ASSIGNMENT — Let your answer be the line containing "Orecchini a clip" and every line below it to the end of the records, copied exactly.

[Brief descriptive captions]

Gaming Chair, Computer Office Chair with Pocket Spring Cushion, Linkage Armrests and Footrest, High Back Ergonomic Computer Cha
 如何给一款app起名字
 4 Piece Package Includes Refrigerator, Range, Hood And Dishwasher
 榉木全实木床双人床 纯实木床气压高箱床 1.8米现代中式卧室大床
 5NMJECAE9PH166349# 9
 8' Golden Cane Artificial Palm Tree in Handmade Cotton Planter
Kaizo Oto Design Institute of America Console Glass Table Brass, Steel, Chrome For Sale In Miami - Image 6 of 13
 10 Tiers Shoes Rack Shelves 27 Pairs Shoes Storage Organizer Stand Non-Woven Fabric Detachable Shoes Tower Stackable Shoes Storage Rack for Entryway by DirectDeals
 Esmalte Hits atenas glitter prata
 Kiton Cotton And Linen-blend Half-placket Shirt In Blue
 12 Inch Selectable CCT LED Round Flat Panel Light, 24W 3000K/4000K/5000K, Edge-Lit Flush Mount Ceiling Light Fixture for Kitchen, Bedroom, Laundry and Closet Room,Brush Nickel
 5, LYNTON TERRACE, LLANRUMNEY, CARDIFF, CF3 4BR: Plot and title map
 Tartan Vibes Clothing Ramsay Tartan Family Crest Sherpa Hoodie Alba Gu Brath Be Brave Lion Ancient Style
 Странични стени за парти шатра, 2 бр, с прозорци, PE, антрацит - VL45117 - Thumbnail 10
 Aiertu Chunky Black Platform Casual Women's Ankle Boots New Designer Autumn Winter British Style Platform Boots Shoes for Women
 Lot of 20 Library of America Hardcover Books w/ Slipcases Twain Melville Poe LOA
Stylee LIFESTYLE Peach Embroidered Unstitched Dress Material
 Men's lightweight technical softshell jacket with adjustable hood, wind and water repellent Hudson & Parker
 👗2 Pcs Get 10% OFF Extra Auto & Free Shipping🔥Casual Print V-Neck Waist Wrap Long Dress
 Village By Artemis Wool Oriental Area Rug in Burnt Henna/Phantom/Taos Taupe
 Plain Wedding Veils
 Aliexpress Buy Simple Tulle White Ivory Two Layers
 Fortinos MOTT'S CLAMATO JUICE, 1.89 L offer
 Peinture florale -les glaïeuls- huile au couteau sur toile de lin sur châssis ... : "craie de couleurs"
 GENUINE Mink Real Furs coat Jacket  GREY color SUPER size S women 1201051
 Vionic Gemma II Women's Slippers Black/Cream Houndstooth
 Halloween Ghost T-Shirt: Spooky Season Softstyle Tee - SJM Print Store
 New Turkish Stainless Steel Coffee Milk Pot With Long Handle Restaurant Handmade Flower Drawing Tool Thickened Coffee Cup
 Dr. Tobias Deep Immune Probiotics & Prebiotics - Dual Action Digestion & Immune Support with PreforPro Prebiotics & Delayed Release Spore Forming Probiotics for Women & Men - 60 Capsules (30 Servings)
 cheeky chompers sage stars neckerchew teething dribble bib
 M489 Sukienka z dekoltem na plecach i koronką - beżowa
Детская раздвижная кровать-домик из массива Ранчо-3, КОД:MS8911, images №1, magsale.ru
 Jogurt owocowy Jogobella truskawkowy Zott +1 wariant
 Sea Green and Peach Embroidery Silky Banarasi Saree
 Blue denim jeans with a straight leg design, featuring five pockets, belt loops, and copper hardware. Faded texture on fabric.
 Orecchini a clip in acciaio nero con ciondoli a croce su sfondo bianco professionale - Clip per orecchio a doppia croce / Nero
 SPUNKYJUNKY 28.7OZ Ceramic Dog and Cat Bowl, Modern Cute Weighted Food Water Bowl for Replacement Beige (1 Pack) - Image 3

SOLUTION —
 Orecchini a clip in acciaio nero con ciondoli a croce su sfondo bianco professionale - Clip per orecchio a doppia croce / Nero
 SPUNKYJUNKY 28.7OZ Ceramic Dog and Cat Bowl, Modern Cute Weighted Food Water Bowl for Replacement Beige (1 Pack) - Image 3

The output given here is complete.